The Lifekeeper Faces of Suicide quilts were on display Saturday at Gogebic Community College for the fourth annual "Break the Silence Walk Through the Pain" event, sponsored by the Range Suicide Prevention Council.

About 100 people attended and listened to Pat Gallinagh, of the RSPC, talk about how powerful the quilts, with more than 60 photographs, are to survivors. He explained the purpose of the event was to "tear down the shroud of shame" connected with suicide.

"We are making progress," Gallinagh assured the audience.

It was sunny outside, in contrast to the blackness Amber Symons said she experienced after her brother, Corey Maslanka, committed suicide and she considered it, too.

She said she struggled for six months with deep depression after her brother's death before she decided to die at an intersection in Ironwood, but the blackness suddenly lifted that day and now she lives to discuss her battle.

"I'm proud of people who are still fighting this battle today," the Victim Services worker said.

For Jennifer Geissler, of Marengo, Wis., it's been one year since her husband committed suicide.

She had been away for the weekend for a family gathering and when she returned home, she discovered her husband had moved out of the house, her son had been kicked by a horse and her daughter ended up in the hospital after passing out.

That same day she said the grief became unbearable when her son found her husband dead in an apartment he had moved into when she was gone.

"I didn't know he was hurting that bad," she said, talking in public for the first time about that day. "When I talked to him on the phone, he seemed fine."

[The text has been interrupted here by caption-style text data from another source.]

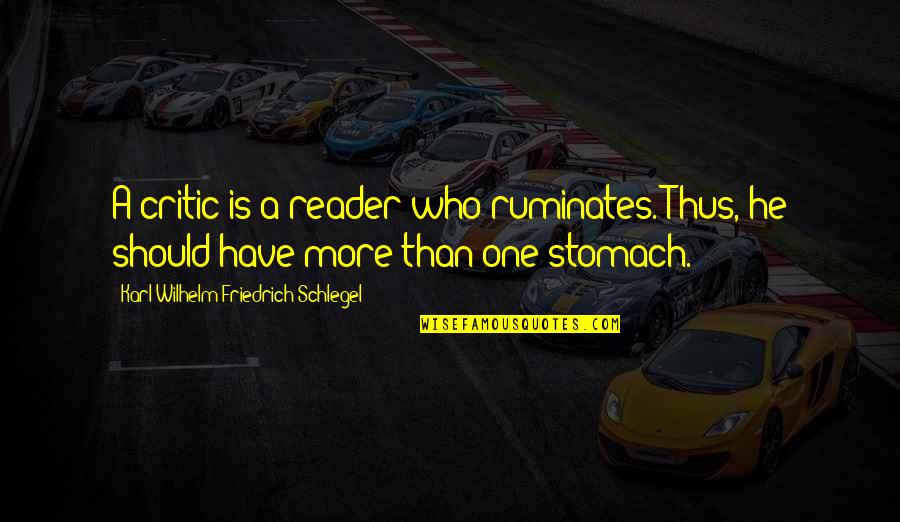 Karl Wilhelm Friedrich Schlegel Quotes By Karl Wilhelm Friedrich Schlegel: A critic is a reader who ruminates. Thus, Karl Wilhelm Friedrich Schlegel Quotes By Karl Wilhelm Friedrich Schlegel: A critic is a reader who ruminates. Thus,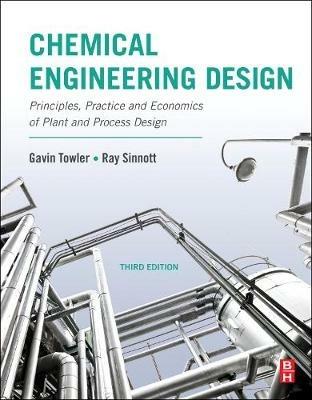 Chemical Engineering Design: Principles, Practice and Economics of Plant and Process Design - Gavin Towler,Ray Sinnott - cover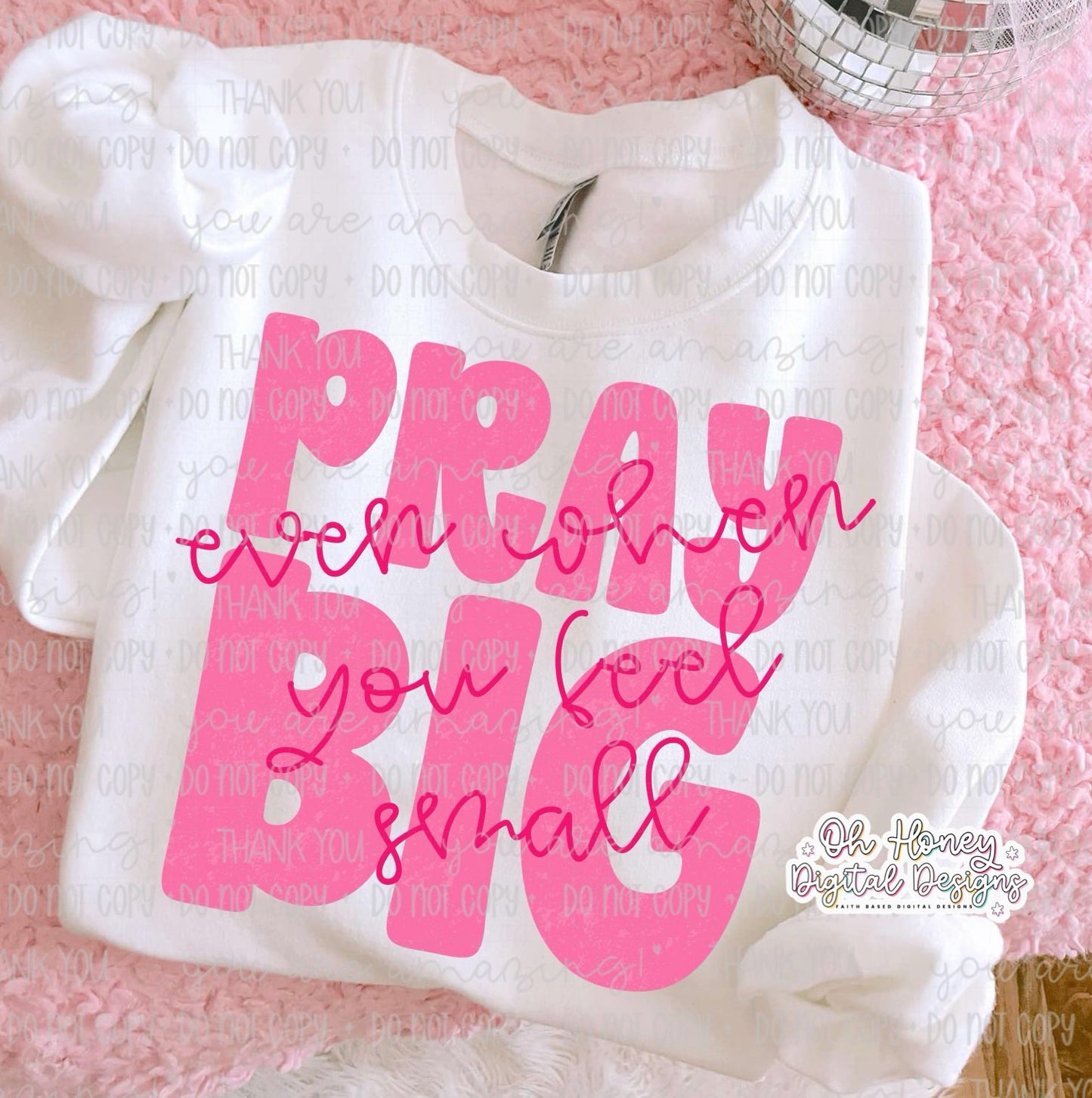 Pray Big Even When You Feel Small - Pink - PNG - DECEMBER 2025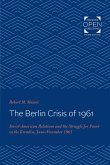 Berlin Crisis of 1961 (eBook, ePUB)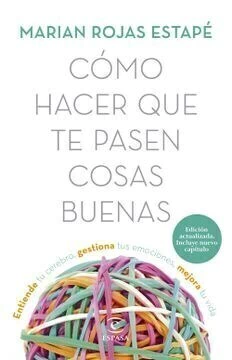 Como hacer que te pasen cosas buenas. Marian Rojas Estape. - comprar online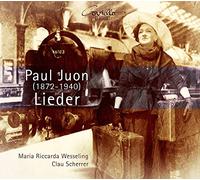 Maria Riccarda Wesseling (Sopran) - Juon, Paul : Mélodies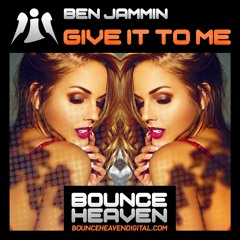 Ben Jammin - Give It To Me - OUT NOW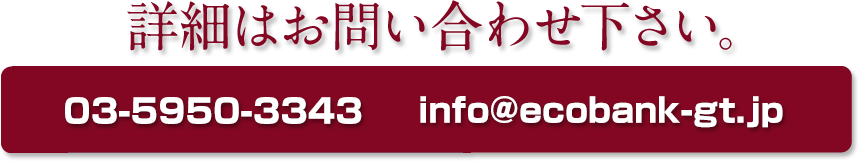 詳細はお問合せ下さい。 03-5950-3343/info@ecobank-gt.jp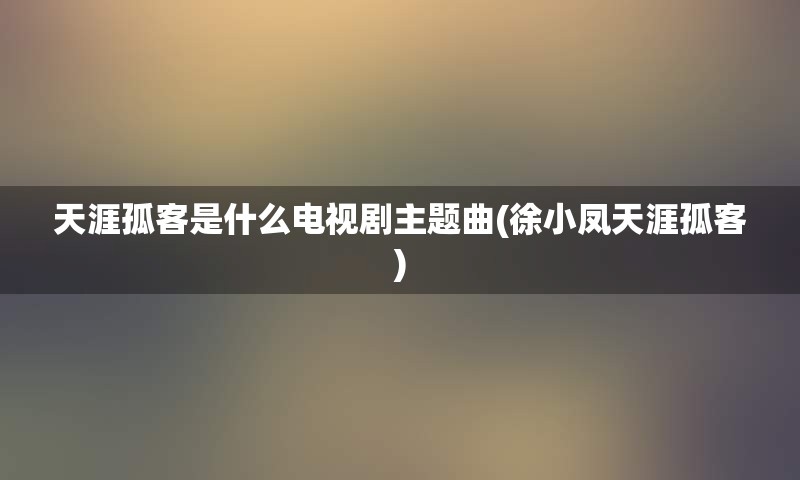 天涯孤客是什么电视剧主题曲(徐小凤天涯孤客)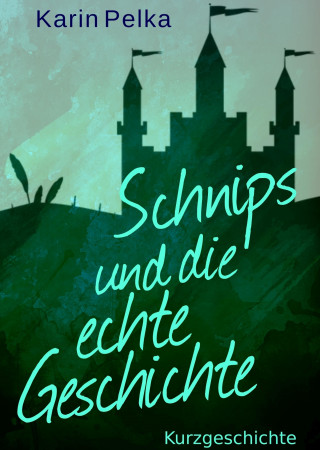 Karin Pelka: Schnips und die echte Geschichte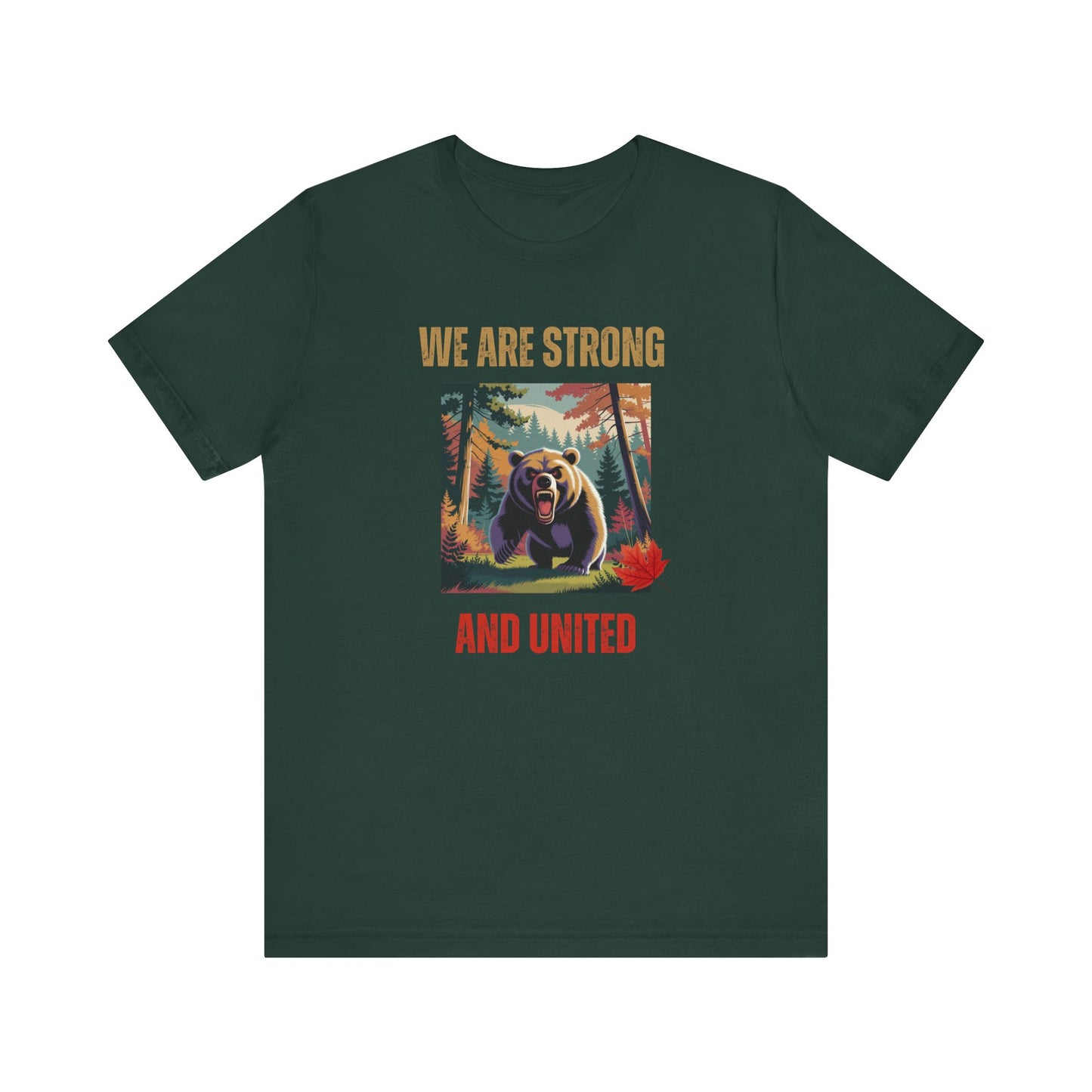"We Are Strong and United Bear" T-Shirt
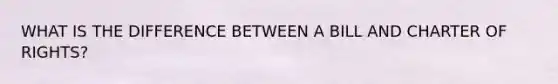 WHAT IS THE DIFFERENCE BETWEEN A BILL AND CHARTER OF RIGHTS?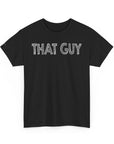 Graphic Tee - Bold & Confident 'THAT GUY' phrase on Black Shirt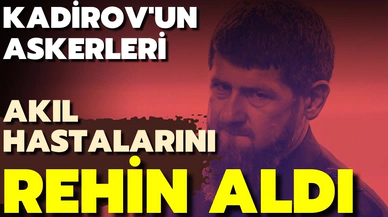 Kiev Bölgesi Valisi: Çeçen lider Kadirov’un askerleri akıl hastalarını rehin aldı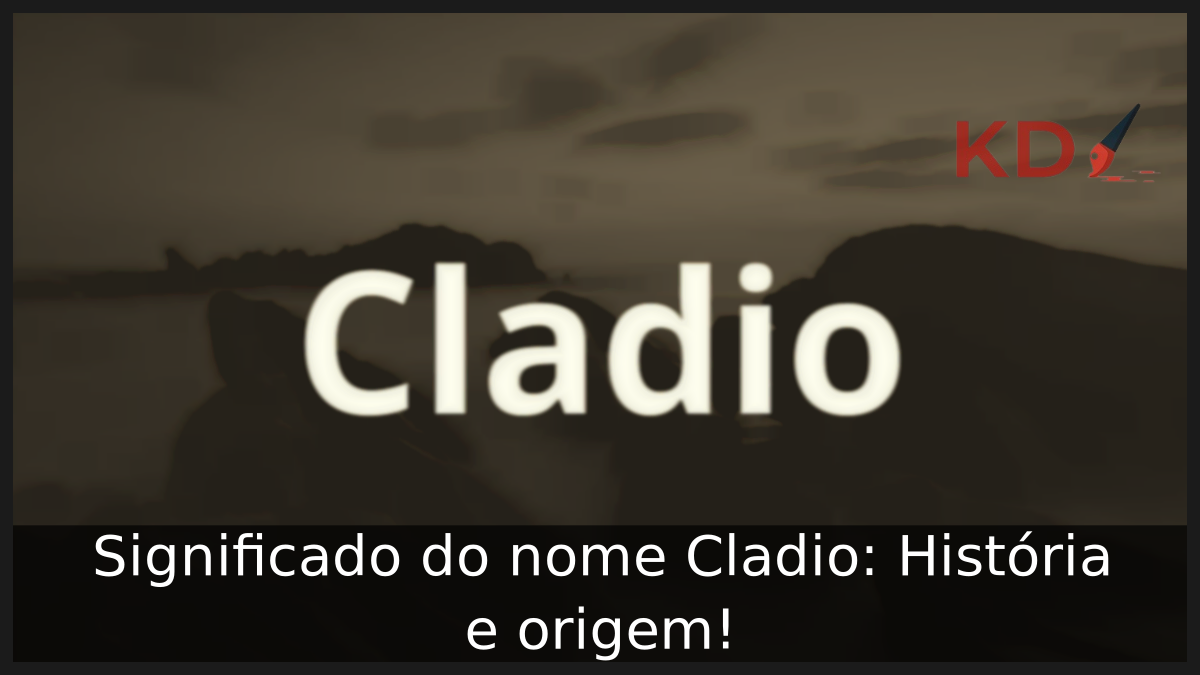 Significado do nome Cladio: História e origem! 12 Significado do nome Cladio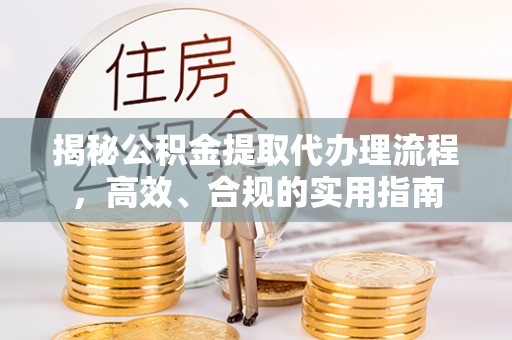 元氏揭秘公积金提取代办理流程，高效、合规的实用指南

She said the family previously realized her husband, Scott, was depressed, and he choose to treat it with alcohol, which only made matters worse and is never the answer.

Geissler's advice is to, "Reach out to them, if you think someone is having a problem. Everyone matters."

Even small acts of kindness from strangers can change lives, Geissler said.

Sunday marked the one-year anniversary of her husband's funeral.

Jennifer Selin described her own struggles after she lost her father to suicide. She learned of his death when she heard a call over the scanner about a medical episode at a North Lake Street residence, realizing it was her house.

Selin struggled with depression before turning her life around.

Now a mother for the second time, Selin said, "Suicide can affect anyone's life. Don't think you're immune."

After hearing the heartfelt stories from the three speakers, the people who attended the event at GCC offered hugs to them, then gathered for a walk around town. They wore SOS shirts, meaning Survivors of Suicide.